So what are the rest of you up to??????


----------



## Ozarkgal (Dec 13, 2013)

I'm still in hibernation mode waiting for the icy snow to melt.  The highlight of my day is to go out in the morning and take care of the animals and feed the wild birds, and in the evening go back out and button them up for the night.  My loner cat that sleeps in a rock on the hill has decided that she likes living in the shed.  I put her out this morning and she wanted right back in.  Okay, by me as she will keep the mice away, and I know she's safe.

Buckaroo has decided he likes his coop and now voluntarily goes in when it's time to roost.  That Roo is getting soft.  He let's me pet him now when he's on his perch.  He is becoming a bit possessive of his area in the yard and yesterday he jumped on one of the cats and rode her for a minute.  Crazily enough, she didn't act bothered by it and just kept walking.  He's been cockily eyeballing the Gangstas also, just waiting for that wreck.

I think the crazy, wild feral cat that I carted off this spring is back, at least it sure looks like him.  I set a trap up for him for several days in a row and no dice, so I think he knows the routine now and isn't biting.  

A few minutes ago there was a very large wild female turkey wandering around outside my kitchen window.  She was alone, no flock in sight, which is unusual.  I tried to get a pic to post, but wasn't quick enough.

Tomorrow, I am going for a hike in the woods if it doesn't rain...going a bit stir crazy, even though we did make it to town yesterday, with only one slightly hairy incident on our road on the way out.


----------



## Anne (Dec 13, 2013)

Roads are slick ice today; schools closed again, and many cars in the ditches.   OG, if you can swing it, get a generator; we've used ours twice when the power went out for hours or days, and sure appreciated having it.  One less thing to worry about if you do lose power for a long time, which isn't that unusual when we're 'in the sticks'.
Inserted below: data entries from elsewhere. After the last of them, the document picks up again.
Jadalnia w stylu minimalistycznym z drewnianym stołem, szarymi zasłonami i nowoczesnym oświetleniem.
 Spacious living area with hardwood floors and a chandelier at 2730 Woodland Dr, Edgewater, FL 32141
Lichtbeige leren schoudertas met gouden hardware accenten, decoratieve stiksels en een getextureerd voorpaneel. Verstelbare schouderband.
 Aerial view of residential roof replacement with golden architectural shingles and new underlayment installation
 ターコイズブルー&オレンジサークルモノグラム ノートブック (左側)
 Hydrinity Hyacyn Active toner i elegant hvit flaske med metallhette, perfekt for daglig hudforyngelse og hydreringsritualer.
Hopefully, we'll have a little break once this rain is over, but looks like more of the same coming next Thursday and Friday.  Spring is sounding good right now.....


----------



## That Guy (Dec 15, 2013)

Got together with about 25 friends from high school for our annual Christmas bash, yesterday.  Hugs and handshakes all around.


----------



## SifuPhil (Dec 15, 2013)

I've got something I haven't had for at least 3 years ...

... a cold.

Thanks, roomie!


----------



## That Guy (Dec 15, 2013)

SifuPhil said:


> I've got something I haven't had for at least 3 years ...
> 
> ... a cold.
> 
> Thanks, roomie!



Rest, plenty of liquids . . . you know the drill.  Hope you a feeling up to your wonderful ol' self soon.


----------



## SifuPhil (Dec 15, 2013)

That Guy said:


> Rest, plenty of liquids . . . you know the drill.  Hope you a feeling up to your wonderful ol' self soon.



I have my student today for the first time in two weeks (he was hunting) - I'll probably drip on him every time he punches me. layful:

Thanks for the well-wishes!


----------



## Diwundrin (Dec 15, 2013)

I presume you are planning revenge by manipulating her into providing copious soups and other goodies to resuscitate you?  
You would be well trained in the location of guilt pressure points I trust?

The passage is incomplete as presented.